# Data to process
——————

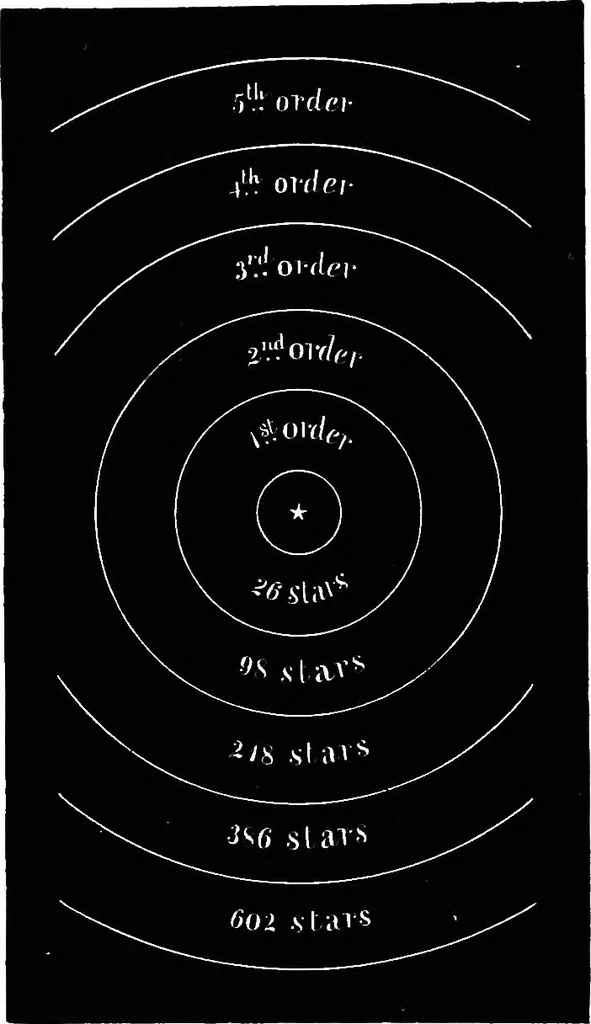 An illustration from Astronomy for students and general readers, 1880, leaf 507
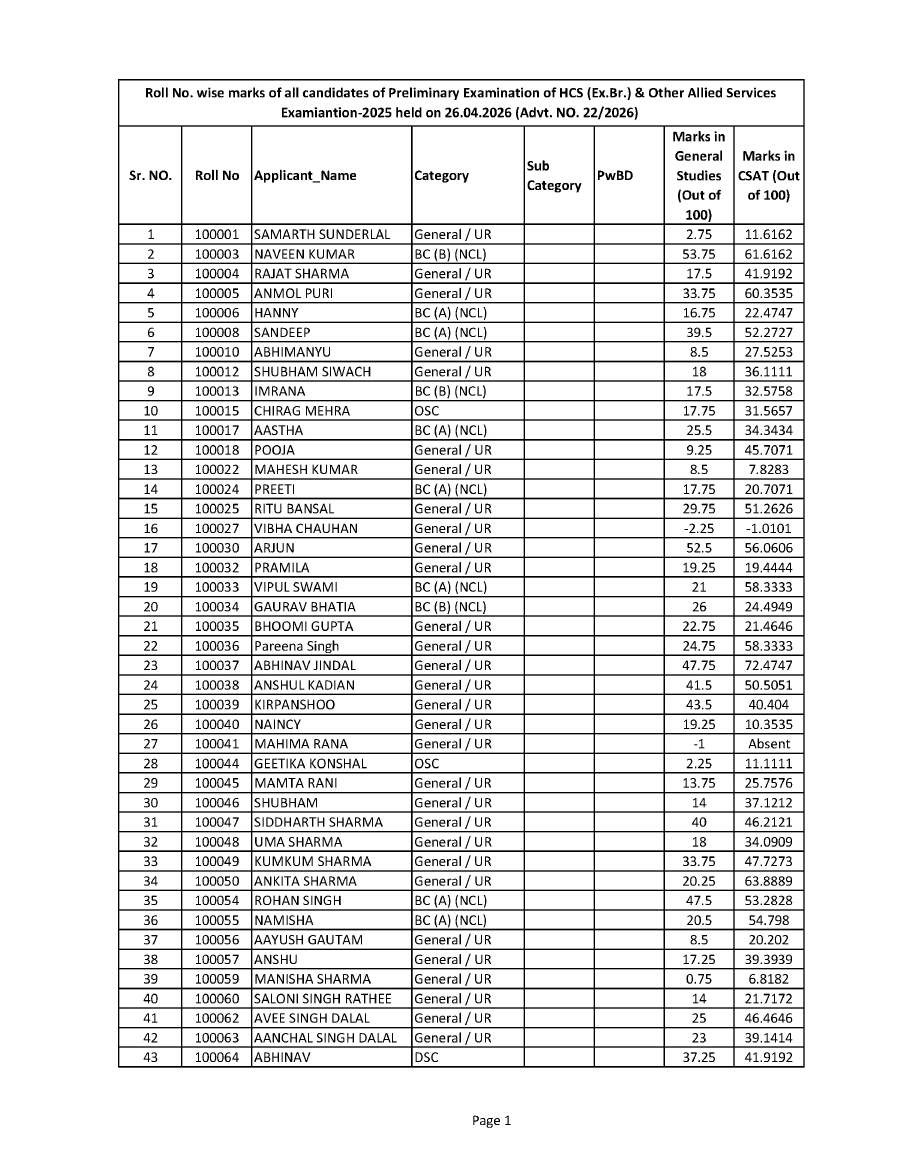 HCS Prelim 2025 – Haryana PSC HCS Ex Br & Allied Services — page 1 instructions scan PDF download
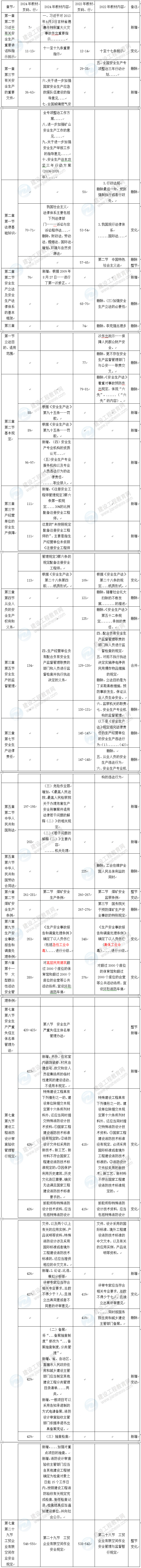 法律法規(guī)教材對比 法律法規(guī)教材對比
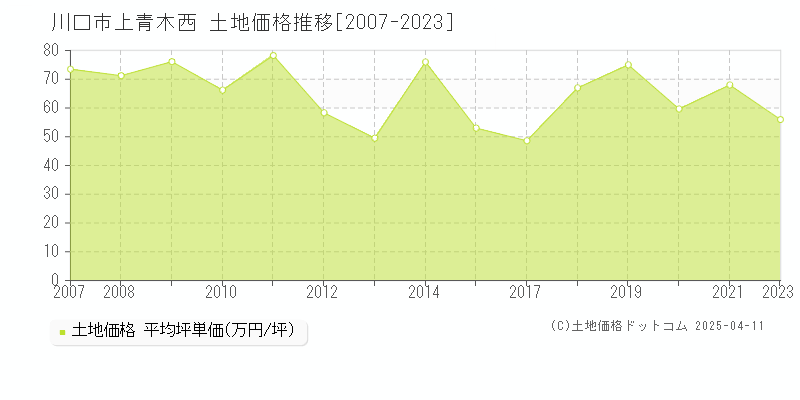 川口市上青木西の土地価格推移グラフ 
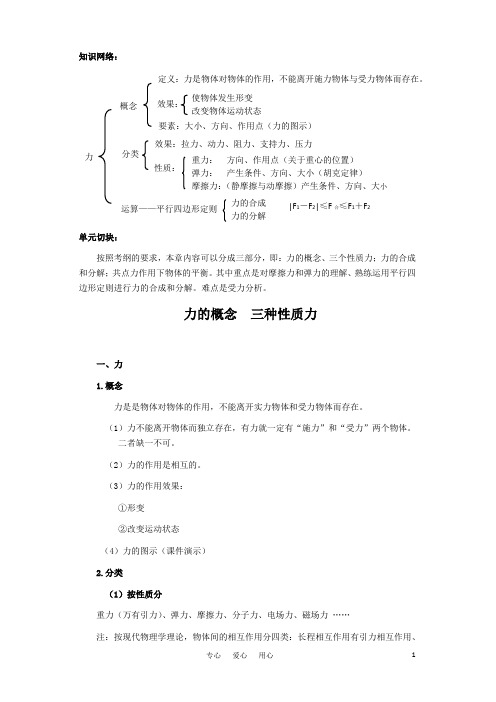 江苏石榴高级中学高三物理第一轮复习 第二章 相互作用教案 人教版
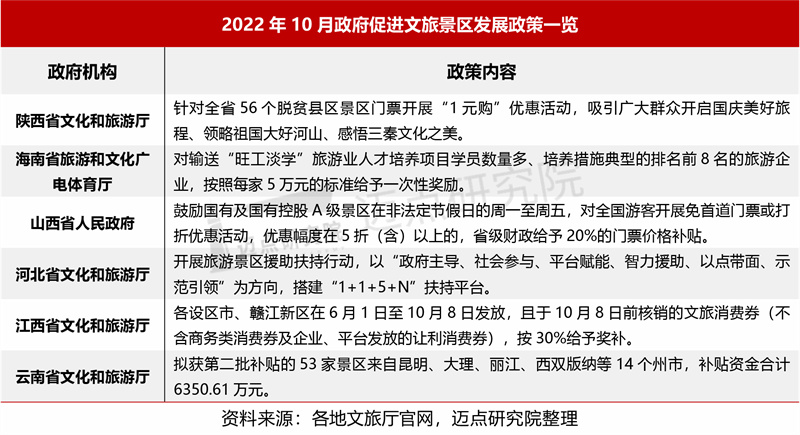 3.发展政策.jpg
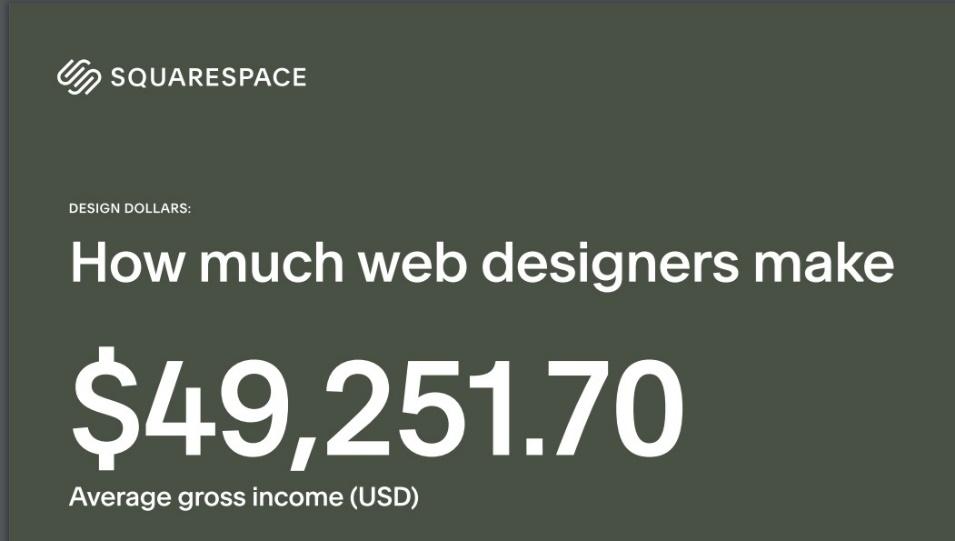 web designers make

——————

# Problem
When copying the data above, repeat every word exactly and drop the pictures.

# Response to this task
 An illustration from Astronomy for students and general readers, 1880, leaf 507
 HCS Prelim 2025 – Haryana PSC HCS Ex Br & Allied Services — page 1 instructions scan PDF download
 法律法規(guī)教材對比 法律法規(guī)教材對比
 川口市上青木西の土地価格推移グラフ 
 江苏石榴高级中学高三物理第一轮复习 第二章 相互作用教案 人教版
 3.发展政策.jpg
 web designers make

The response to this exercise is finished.